## WHAT IS NEEDED
Restate all of the entries exactly. Any picture in them should be skipped.
——
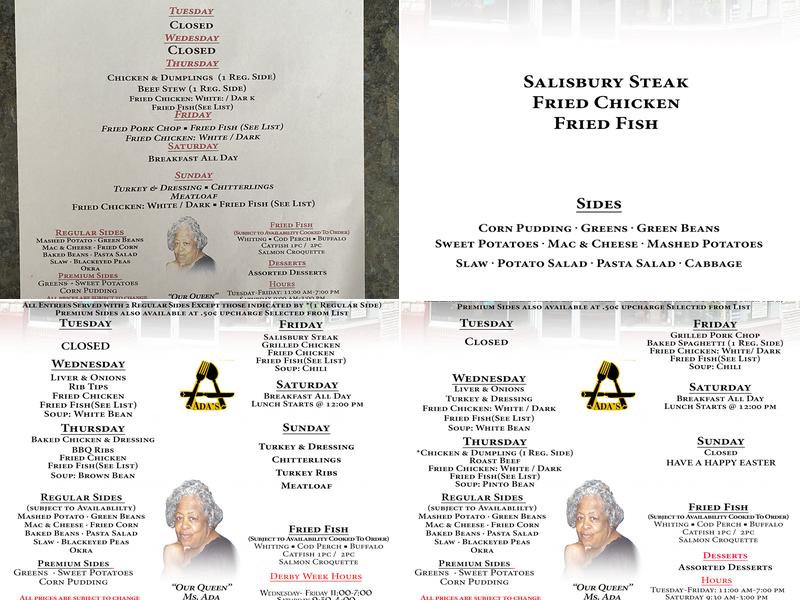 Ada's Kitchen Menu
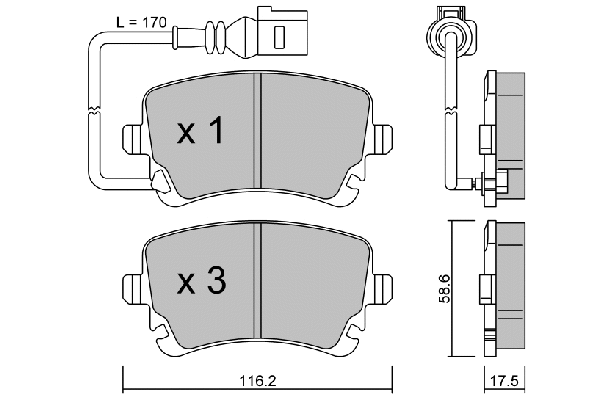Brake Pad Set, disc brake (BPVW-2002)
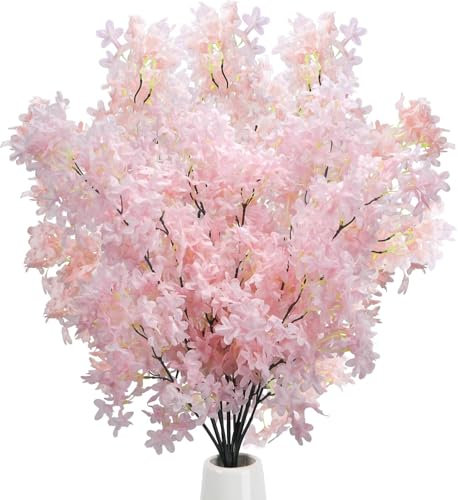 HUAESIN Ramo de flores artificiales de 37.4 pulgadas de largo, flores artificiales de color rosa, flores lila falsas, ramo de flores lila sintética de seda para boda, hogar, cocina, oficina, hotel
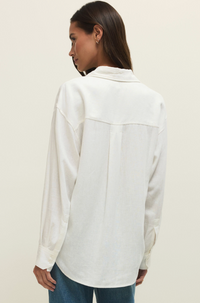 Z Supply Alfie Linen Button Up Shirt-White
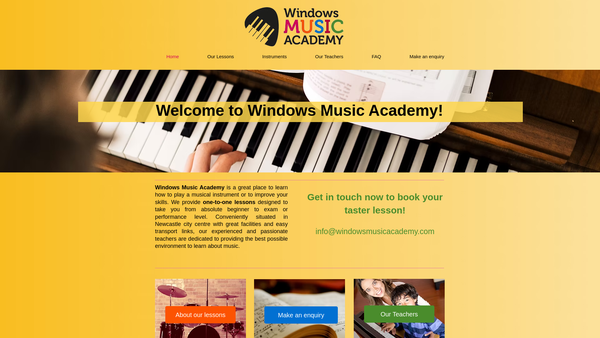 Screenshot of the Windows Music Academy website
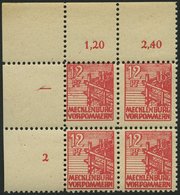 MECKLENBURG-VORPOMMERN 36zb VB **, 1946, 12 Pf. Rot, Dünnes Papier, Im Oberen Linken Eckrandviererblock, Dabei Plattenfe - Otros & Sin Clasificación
——
## ANSWER TO THIS TASK
 Ada's Kitchen Menu
Brake Pad Set, disc brake (BPVW-2002)
 HUAESIN Ramo de flores artificiales de 37.4 pulgadas de largo, flores artificiales de color rosa, flores lila falsas, ramo de flores lila sintética de seda para boda, hogar, cocina, oficina, hotel
 Z Supply Alfie Linen Button Up Shirt-White
 Screenshot of the Windows Music Academy website
 MECKLENBURG-VORPOMMERN 36zb VB **, 1946, 12 Pf. Rot, Dünnes Papier, Im Oberen Linken Eckrandviererblock, Dabei Plattenfe - Otros & Sin Clasificación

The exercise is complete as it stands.